Major General H. W. HALLECK,
General-in-Chief, Hdqrs. of the Army, Washington City:
GENERAL: I respectfully request that the Navy Department be requested to cause a powerful gunboat to be ordered into the Potomac, to assist in keeping open the river, which the cold weather threatens to obstruct with ice. I made verbal application, some time since, to the Secretary of the Navy, suggesting the propriety and necessity of such a precaution. I have been informed that the boat formerly known as the Philadelphia City Ice Boat, probably the best boat fitted for this purpose, is now in the Navy, employed as a gunboat. I have given orders to endeavor to charter two steamers in New York or Philadelphia, but fear that it will not be possible to procure efficient vessels for this purpose, and, if the cold continues to increase, there will be full employment for all that can be collected in transporting supplies through the ice to Aquia Creek.
I am, respectfully, your obedient servant,
M. C. MEIGS,
DECEMBER 21, 1862.
Respectfully referred to the Secretary of War.
It is deemed important that this application be made immediately.
H. W. HALLECK,
HEADQUARTERS LEFT GRAND DIVISION, December 20, 1862.
To the PRESIDENT:
The undersigned, holding important commands in the Army of the Potomac, impressed with the belief that a plan of operations of this army may be devised which will be crowned with success, and that the plan of campaign which has already been commenced cannot possibly be successful, present, with diffidence, the following views for consideration. Whether the plan proposed be adopted or not, they consider it their duty to present there views, thinking that, perhaps, they may be suggestive to some other military mind in discussing plans for the future operations of our armies in the East.
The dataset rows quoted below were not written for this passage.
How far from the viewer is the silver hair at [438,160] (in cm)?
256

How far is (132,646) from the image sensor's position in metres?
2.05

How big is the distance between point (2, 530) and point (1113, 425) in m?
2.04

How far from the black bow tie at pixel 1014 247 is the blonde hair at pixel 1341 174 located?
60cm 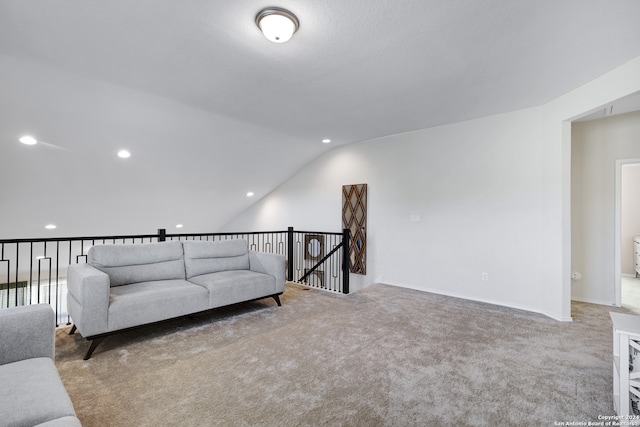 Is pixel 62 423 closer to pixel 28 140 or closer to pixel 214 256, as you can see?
pixel 214 256

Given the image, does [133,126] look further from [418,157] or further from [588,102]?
[588,102]

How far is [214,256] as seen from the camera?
372 cm

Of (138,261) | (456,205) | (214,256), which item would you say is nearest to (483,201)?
(456,205)

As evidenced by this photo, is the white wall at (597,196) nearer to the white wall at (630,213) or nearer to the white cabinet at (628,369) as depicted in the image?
the white wall at (630,213)

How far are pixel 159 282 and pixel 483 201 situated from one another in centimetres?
409

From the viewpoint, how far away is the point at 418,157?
4715 millimetres

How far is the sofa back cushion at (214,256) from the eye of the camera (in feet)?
11.6

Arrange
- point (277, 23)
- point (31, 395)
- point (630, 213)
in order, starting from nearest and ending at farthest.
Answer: point (31, 395) < point (277, 23) < point (630, 213)

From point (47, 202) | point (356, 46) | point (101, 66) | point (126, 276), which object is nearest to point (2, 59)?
point (101, 66)

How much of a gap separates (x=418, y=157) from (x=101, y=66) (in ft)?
13.4

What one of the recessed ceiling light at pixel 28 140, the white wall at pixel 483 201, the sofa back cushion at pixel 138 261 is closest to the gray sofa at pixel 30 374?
the sofa back cushion at pixel 138 261

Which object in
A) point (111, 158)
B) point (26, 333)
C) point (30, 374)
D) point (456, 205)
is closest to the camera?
point (30, 374)

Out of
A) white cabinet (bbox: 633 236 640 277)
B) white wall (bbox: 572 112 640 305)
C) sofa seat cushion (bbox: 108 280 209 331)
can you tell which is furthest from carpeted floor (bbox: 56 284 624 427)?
white cabinet (bbox: 633 236 640 277)

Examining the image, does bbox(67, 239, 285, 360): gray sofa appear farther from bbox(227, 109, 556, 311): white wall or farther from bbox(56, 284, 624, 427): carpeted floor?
bbox(227, 109, 556, 311): white wall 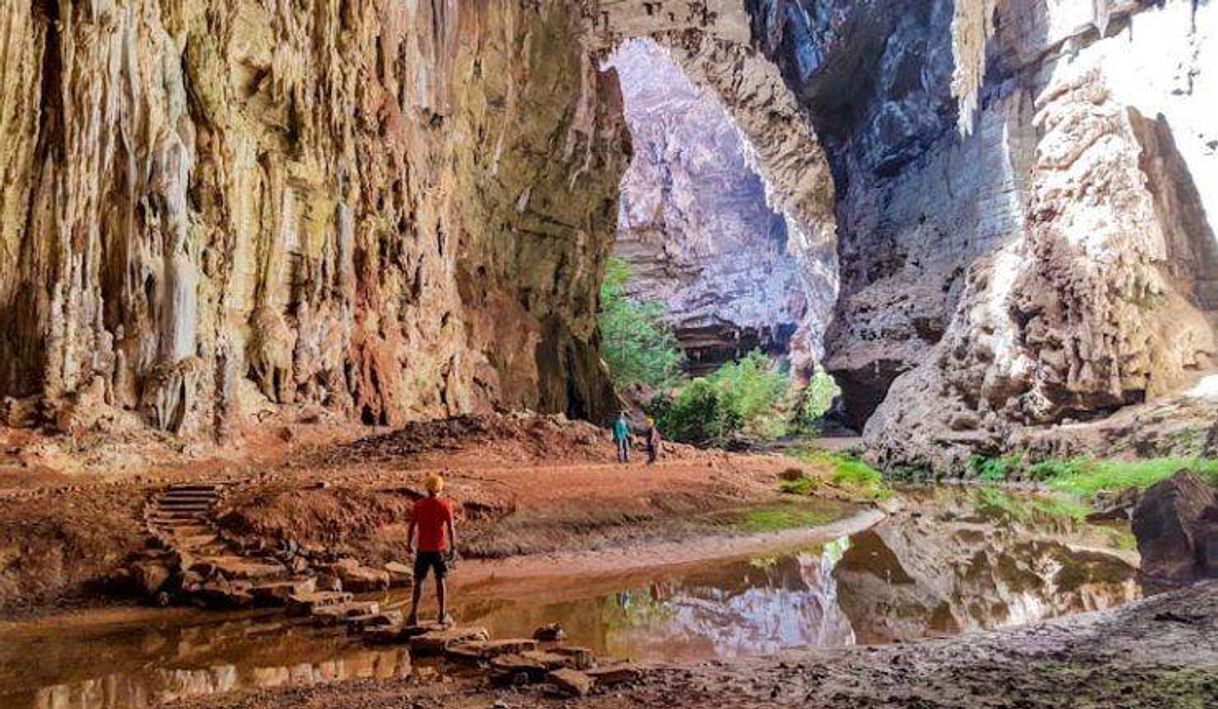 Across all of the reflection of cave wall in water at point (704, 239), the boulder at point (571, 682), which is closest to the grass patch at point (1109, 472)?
the boulder at point (571, 682)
1. We believe that the plan of campaign already commenced will not be successful for the following reasons: First. The distance from this point to Richmond is 61 miles. It will be necessary to keep up our communication with Aquia Creek Landing from all points of this route. To effect this, the presence of large bodies of troops on the road will be necessary at many points. The result of making these detachments would be that the enemy will attack them, interrupt the communications, and the army will be obliged to return to drive them away. If the railroad be rebuilt as the army marches, it will be so enormous that a great deal of the strength of the army will be required to guard them, and the troops will be so separated by the trains, and the roads so blocked by them, that the advance and rear of the army could not be within supporting distance of each other.